2. Container registry

We have an internal container registry (like a private docker hub) which can be used for the publishing of OCI Container images for use on University compute facilities such as the HPC and Condor clusters.

The registry is only accessible from the University Network (It’s not publicly available on the internet).

Currently images published to the registry are public, therefore anyone can pull any container images stored there.

2.1. Viewing the Registry

The registry has a web interface that can be used for browsing the images currently published there.

https://container-registry.surrey.ac.uk

You will need to log in with your University of Surrey credentials.

This is a good way to see what container images are available. Especially useful for checking your own images and image tags.

2.2. Image retention policies

In the interest of being efficient with disk space there are weekly garbage collection processes running on the registry. This means that the registry will remove old and redundant images.

Garbage collection (image deletion) is based on the following policies:

image tags

deleted?

‘latest’

no

any custom tag

no

no tags applied

yes, upon weekly garbage collection

only a “SHA_*******” tag applied

yes, upon weekly garbage collection

Note

the “SHA_*******” tag is a default tag applied by the GitLab CI pipeline when publishing images to the registry it can be used for referencing when you want to test an image but should not be used longer term.

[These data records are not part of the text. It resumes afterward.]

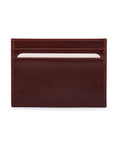 Flat leather credit card wallet 4 CC, dark tan, front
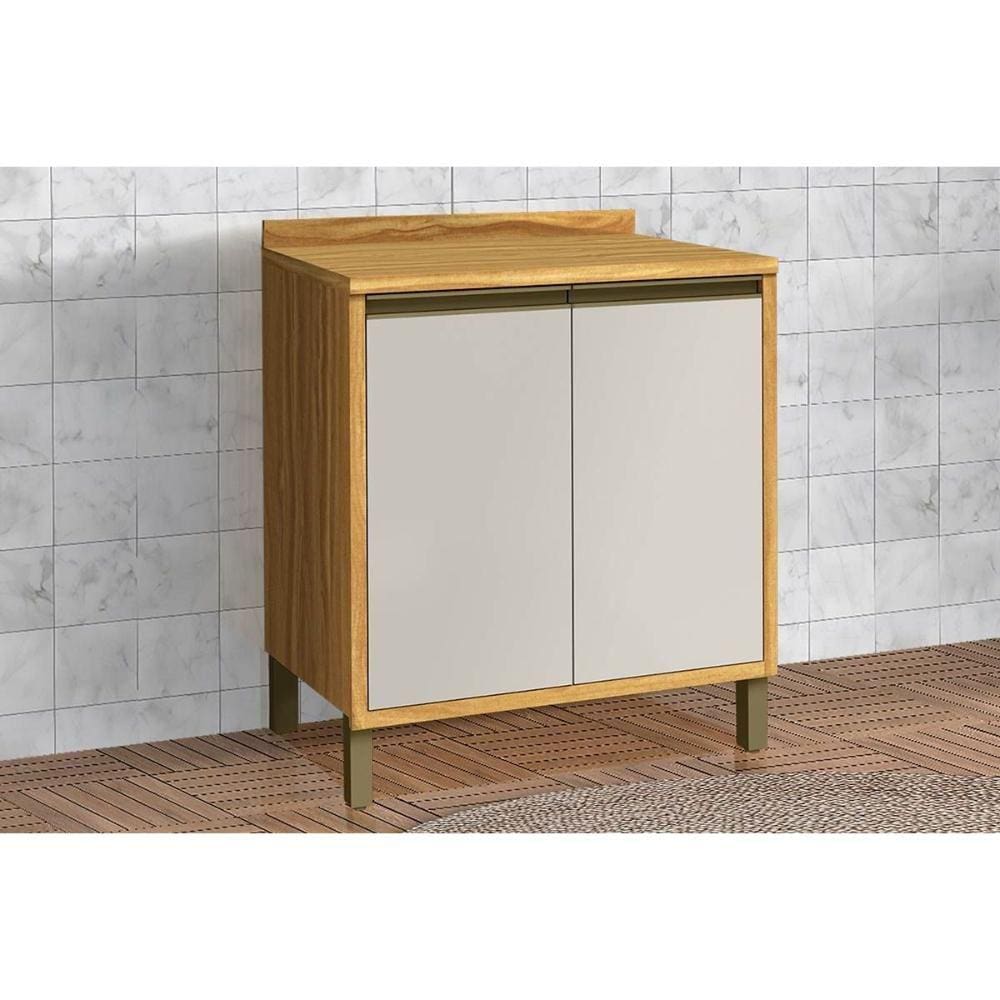 Gabinete de Cozinha Modulado Balcão Tempranillo 2 Portas c/Tampo 80cm Amendoa/Off White - Ronipa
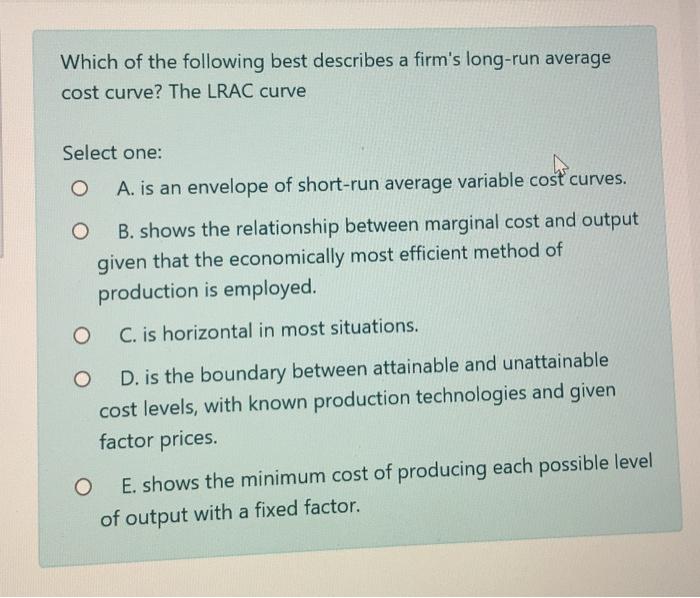 long run average cost curve explanation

If you have an image you wish to retain on the registry long term you will need to ensure it is appropriately tagged.

The ‘latest’ tag can only be applied one version of your container image i.e. latest version of your container image.

For more information on image tagging and how to tag your images see Tagging container images

Caution

The amount of space your container images are consuming will be monitored and you may be asked by IT services to remove some containers in the future if disk usage becomes excessive.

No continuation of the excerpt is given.